De esta manera, el hacerse esclavos del Señor, en realidad, es la superación de la esclavitud; porque nos arranca de las ataduras a intereses ajenos, y nos permite dejar que Dios actúe en nuestras vidas para hacer las maravillas que sólo Él sabe hacer, para que lleguemos a ser lo que Él quiere que seamos; sólo eso nos da felicidad.
Por eso, Isabel llama “dichosa” a María porque “ha creído”, ha dado crédito a la palabra de Dios. Y María, más tarde, puede decir que “todas las generaciones la felicitarán”; no porque ella sea famosa, rica o poderosa, sino “porque el Poderoso ha hecho obras grandes en mí”.

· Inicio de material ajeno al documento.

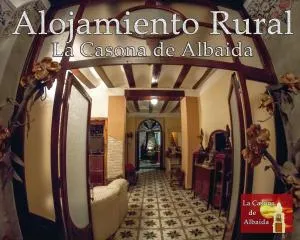 La Casona Albaida - Ayelo de Malferit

Si hoy en día estamos tan interesados en conquistar nuestra “libertad”, ¿nos damos cuenta de que, muchas veces, sólo nos hacemos más esclavos de los poderes que nos rodean y manipulan? Por supuesto, la libertad auténtica lleva consigo el sufrimiento, el asumir las consecuencias de nuestras decisiones. Pero, ¿quién ha dicho que los esclavos no sufren? ¿Cuánta gente “libre” está deprimida y va al siquiatra – ¡que las llena de pastillas!? Pero el deseo de la auténtica libertad no se puede amordazar con drogas. La única respuesta a este deseo es la entrega en las manos del Señor. “En tus manos, Señor, encomiendo mi espíritu; tú, el Dios leal, me librarás” (Salmo 3,5).

1 comentario:

  1. Gracias Padre Beda por esta entrada. Es verdad "la libertad auténtica lleva consigo el sufrimiento" A veces somos señalados por ejercer nuestra libertad de hijos de Dios y si esto nos hace sufrir entonces se lo mejor que podemos hacer es ofrecerlo al Señor.